A Month on the Alash
Hello, again, everyone --- have I got a story for you. Actually, I really have two things to write about: how I came to live for a month in the upper Alash region of western Tuva, and how I came to learn Tuvan while doing so. Here's how it happened:
A day or two after I last wrote I set off with a group of Tuvan and Russian anthropologists, musicologists, and ethnologists to record the songs and stories of Bai-Taiga, the westernmost region of Tuva. The experience of being on a Russian research expedition was a story in itself --- long mornings around the samovar with coffee, candies, and canned fish; official receptions and welcomes in every town; language lessons in Tuvan, English, French, and Russian while driving over rocky, flooded dirt roads in areas beautiful enough to make you cry. The first day we drove from Kyzyl to Teeli, regional center of Bai-Taiga, stopping frequently to pay our respects to the numerous roadside ovaas. I don't know if I've written yet about the ovaas. Almost every peak and pass in Tuva has one: a pile of stones ranging in size from that of a small sheep to that of a small house, depending on how frequently the area is visited. Usually these stones hold up one or more old tree branches. The ovaa is a sort of altar to the spirit of the surrounding area and a passing Tuvan will pay her/his respects by leaving some small offering --- a cigarette or candy or a few small coins --- or by piling a few more stones onto the ovaa (and usually by making a toast or two from the vodka bottle). Wishes are whispered into strips of cloth, which are tied to the branches. When the wind blows, it is said that the wishes are sent out of the strips of cloth to do their work in the world. Looking at a chain of hills in the distance you can see what look to be a row of sentinels keeping watch over the land. It lends an almost eerie realism to the traditional belief in local spirits.

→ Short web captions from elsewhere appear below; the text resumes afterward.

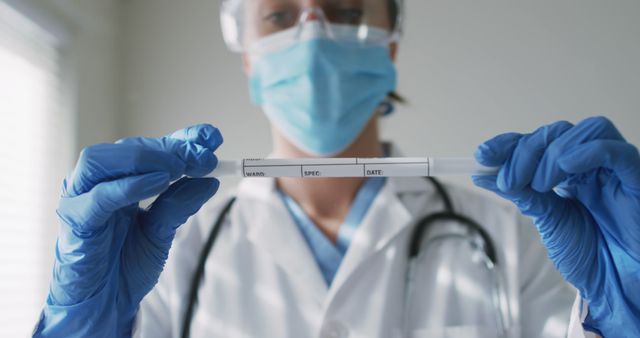 Healthcare Professional Holding DNA Sample Vial in Laboratory - Download Free Stock Images Pikwizard.com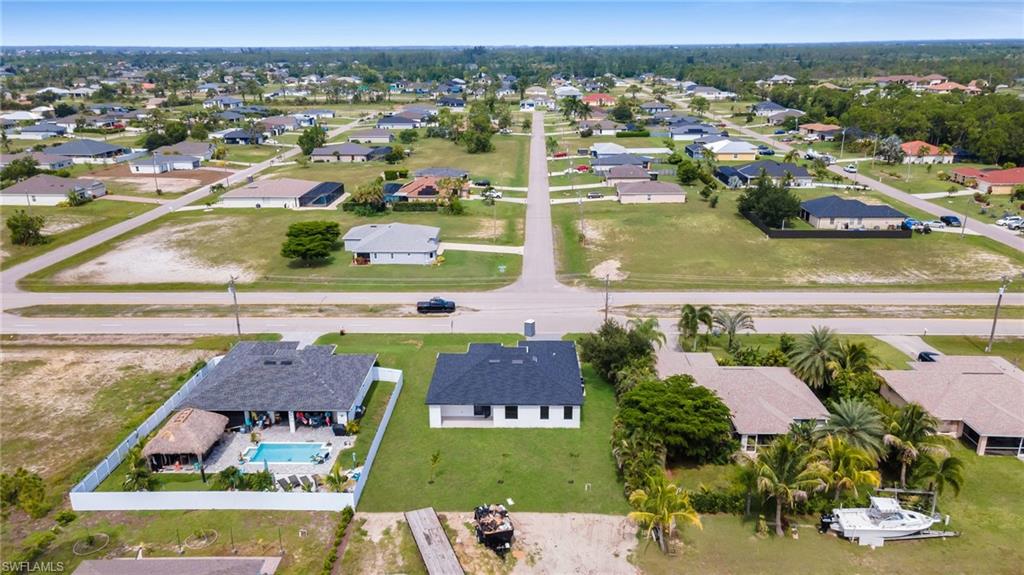 Aerial perspective of a neighborhood featuring single-story homes and undeveloped lots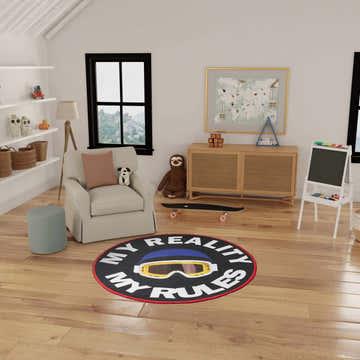 Kids playroom with the Nourison Imagination Multicolor round rug featuring goggles and the words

Once in Teeli, we were given the traditional welcome: a choreographed dance by three young, traditionally dressed ladies, and bowls of the milky, salty tea that the Tuvans drink in such huge quantities. As soon as we were settled into the hotel (our party of 18 took up almost every bed in the place), we drove to the town restaurant, where we were given a banquet featuring every part of a sheep you can imagine. Thankfully, it was getting dark and only about a third of the lights in the restaurant worked and everyone else was occupied talking and eating, so I was able to avoid eating too many unidentified (or unfortunately identified) pieces of sheep.
The next two days were speant "researching", which meant recording a few things and finding new and exciting places to have large meals. In Kyzyl-Dag, I saw Vladimir Salchak, an incredible musician and craftsman who demonstrated his experimental 5-string byzaanchy, as well as the crowning example of a Tuvan Buddhist temple. On one wall of the sanctuary, I counted over 120 images of the Buddha, mostly rows of identical statues set in brightly painted shelves. We also met a man from Saloniki (yes, in Greece) who has been living in Kyzyl-Dag for 20 years. Nothing really surprises me anymore. On our second day, after stopping at a yurt for lunch and to load a sheep into the van, we drove out to where roads are roads only because another vehicle has driven there before. Once we got to the point where the busses could go no further, we got out and climbed up to the algamatolite mines, leaving the drivers and the sheep behind. At the mines, the scientists did something apparently very official and important while I hung out with the miners. Two of them sang xoomei for me, which I recorded, after which everyone had to have a turn listening to the recordings. When we returned to the van, the drivers were waiting with a fresh sheepskin and a big pot of xan, good old Tuvan blood sausage. I learned that filling the small intestine with blood is actually very rare --- usually they use the stomach, which results in large red boiled blood steaks --- edible only with enough bread and garlic.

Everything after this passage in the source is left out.